[Scraped caption text data]
Segment Open

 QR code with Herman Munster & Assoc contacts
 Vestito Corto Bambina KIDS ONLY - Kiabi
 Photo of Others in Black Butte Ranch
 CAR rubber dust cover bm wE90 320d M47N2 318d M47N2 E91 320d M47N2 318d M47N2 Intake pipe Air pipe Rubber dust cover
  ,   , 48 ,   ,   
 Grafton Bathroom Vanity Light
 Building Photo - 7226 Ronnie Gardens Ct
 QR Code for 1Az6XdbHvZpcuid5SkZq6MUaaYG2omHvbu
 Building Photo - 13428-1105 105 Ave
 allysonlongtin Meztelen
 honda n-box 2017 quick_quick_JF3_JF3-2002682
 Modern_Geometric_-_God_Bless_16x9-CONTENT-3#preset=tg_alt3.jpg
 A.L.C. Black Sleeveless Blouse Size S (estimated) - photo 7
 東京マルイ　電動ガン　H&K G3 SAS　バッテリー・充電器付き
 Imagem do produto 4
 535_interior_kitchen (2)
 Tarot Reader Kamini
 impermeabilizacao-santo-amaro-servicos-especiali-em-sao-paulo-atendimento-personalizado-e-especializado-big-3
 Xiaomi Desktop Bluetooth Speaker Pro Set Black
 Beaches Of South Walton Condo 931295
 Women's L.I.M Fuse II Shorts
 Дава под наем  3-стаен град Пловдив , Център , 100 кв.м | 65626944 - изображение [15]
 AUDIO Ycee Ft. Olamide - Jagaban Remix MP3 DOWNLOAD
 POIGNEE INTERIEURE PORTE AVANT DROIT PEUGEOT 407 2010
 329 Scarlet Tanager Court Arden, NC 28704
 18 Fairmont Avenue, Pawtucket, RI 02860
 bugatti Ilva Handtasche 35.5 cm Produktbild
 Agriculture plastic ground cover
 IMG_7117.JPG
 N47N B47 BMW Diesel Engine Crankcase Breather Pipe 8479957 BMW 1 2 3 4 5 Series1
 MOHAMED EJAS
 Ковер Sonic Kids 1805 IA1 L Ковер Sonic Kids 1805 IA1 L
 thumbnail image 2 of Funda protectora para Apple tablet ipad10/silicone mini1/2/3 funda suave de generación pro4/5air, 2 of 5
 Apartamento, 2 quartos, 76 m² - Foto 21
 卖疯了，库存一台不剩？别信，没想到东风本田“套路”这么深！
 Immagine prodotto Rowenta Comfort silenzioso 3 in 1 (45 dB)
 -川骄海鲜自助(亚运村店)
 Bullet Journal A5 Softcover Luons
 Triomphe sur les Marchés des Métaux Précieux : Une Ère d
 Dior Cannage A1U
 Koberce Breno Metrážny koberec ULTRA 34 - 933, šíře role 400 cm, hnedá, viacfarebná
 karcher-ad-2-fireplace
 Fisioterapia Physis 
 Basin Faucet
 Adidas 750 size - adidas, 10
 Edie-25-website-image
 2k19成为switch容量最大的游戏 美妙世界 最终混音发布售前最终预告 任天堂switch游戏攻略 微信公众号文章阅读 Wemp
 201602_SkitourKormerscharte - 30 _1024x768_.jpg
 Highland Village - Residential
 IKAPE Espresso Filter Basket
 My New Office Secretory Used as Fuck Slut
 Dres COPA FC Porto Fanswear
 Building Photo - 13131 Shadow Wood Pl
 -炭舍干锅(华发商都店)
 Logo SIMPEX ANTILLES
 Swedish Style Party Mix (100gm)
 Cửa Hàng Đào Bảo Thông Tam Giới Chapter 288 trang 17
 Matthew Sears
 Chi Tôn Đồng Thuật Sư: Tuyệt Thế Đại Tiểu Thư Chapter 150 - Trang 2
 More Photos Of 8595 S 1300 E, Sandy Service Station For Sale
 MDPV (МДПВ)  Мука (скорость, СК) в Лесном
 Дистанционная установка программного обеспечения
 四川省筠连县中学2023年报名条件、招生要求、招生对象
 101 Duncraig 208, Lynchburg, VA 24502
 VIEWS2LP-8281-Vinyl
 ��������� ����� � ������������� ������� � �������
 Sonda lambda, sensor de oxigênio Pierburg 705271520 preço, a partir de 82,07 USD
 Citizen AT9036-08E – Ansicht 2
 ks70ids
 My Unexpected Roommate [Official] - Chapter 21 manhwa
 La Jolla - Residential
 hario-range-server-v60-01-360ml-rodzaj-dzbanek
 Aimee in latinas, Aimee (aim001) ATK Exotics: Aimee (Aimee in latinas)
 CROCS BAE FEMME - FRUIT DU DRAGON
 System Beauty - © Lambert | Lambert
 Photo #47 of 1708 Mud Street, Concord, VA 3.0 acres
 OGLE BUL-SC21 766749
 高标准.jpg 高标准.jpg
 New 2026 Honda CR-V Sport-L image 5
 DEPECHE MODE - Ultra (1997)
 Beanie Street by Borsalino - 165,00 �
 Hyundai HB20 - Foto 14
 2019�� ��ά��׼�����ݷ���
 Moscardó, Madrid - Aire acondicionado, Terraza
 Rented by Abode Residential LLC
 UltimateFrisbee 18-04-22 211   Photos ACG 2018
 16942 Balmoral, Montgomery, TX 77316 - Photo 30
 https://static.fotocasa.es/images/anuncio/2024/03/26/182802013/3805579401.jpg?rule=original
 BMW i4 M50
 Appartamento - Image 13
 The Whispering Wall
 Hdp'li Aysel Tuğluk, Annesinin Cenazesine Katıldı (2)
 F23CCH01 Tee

Segment Closed

WHAT IS NEEDED
Go through the entries above and copy each line with "Chapter" in it.

SOLVED EXERCISE
 Cửa Hàng Đào Bảo Thông Tam Giới Chapter 288 trang 17
 Chi Tôn Đồng Thuật Sư: Tuyệt Thế Đại Tiểu Thư Chapter 150 - Trang 2
 My Unexpected Roommate [Official] - Chapter 21 manhwa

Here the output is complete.